Positive-Class Error Profile

Quantifies where and how your model makes mistakes on the positive class, highlighting false positives, false negatives, and error concentration across score ranges.


Overview

The Positive-Class Error Profile bucket describes how your classifier makes mistakes on the positive class across the score distribution.
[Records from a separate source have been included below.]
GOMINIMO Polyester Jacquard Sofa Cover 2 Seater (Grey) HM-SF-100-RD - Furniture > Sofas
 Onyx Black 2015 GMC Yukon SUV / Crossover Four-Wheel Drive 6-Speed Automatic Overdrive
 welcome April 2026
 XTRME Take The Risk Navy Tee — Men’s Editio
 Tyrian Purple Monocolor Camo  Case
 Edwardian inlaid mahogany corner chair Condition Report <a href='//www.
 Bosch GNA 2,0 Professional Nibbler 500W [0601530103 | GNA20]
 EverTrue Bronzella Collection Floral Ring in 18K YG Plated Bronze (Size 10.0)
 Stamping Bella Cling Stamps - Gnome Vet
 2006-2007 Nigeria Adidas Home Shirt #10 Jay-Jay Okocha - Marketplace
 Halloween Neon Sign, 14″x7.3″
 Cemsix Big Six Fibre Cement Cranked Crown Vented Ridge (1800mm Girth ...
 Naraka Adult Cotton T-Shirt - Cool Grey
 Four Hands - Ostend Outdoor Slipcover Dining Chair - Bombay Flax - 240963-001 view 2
It focuses on:

  • Where false positives and false negatives concentrate
  • How error behavior changes as scores increase
  • How much “bad” volume you get when you target a given positive-class segment

This bucket is most natural for binary classification but can be applied to multiclass by defining a one-vs-rest positive class (e.g., “fraud” vs “not fraud”).

Metrics

All metrics are defined in terms of the confusion-matrix counts within a segment (e.g., score bin, time bucket):

  • TP – true positives
  • FP – false positives
  • FN – false negatives
  • TN – true negatives
    Total = TP + FP + FN + TN

adjusted_false_positive_rate
False positive rate on negative cases (optionally smoothed to avoid divide-by-zero):

adjusted_false_positive_rate = FP / (FP + TN)

bad_case_rate
Fraction of all cases that are classified as bad (prediction = 0):

bad_case_rate = (FN + TN) / (TP + FP + FN + TN)

false_positive_ratio
Share of predicted positive cases that are actually negative (how “dirty” your positive bucket is):

false_positive_ratio = FP / (TP + FP)

total_false_positive_rate
Fraction of all cases that are false positives:

total_false_positive_rate = FP / (TP + FP + FN + TN)

overprediction_rate
Rate at which the model over-predicts positives relative to the negative population (conceptually FPR):

overprediction_rate = FP / (FP + TN)

underprediction_rate
Rate at which the model under-predicts positives (missed positives) relative to actual positives (FNR):

underprediction_rate = FN / (TP + FN)

valid_detection_rate
Overall fraction of correctly classified cases (global accuracy):

valid_detection_rate = (TP + TN) / (TP + FP + FN + TN)

Data Requirements

Your dataset must include:

  • {{label_col}} – ground truth label (0/1 for binary; specific class for multiclass one-vs-rest)
  • {{score_col}} – predicted probability or score for the positive class
  • {{timestamp_col}} – event or prediction timestamp
  • Optional: {{weight_col}} – sample weight (if used)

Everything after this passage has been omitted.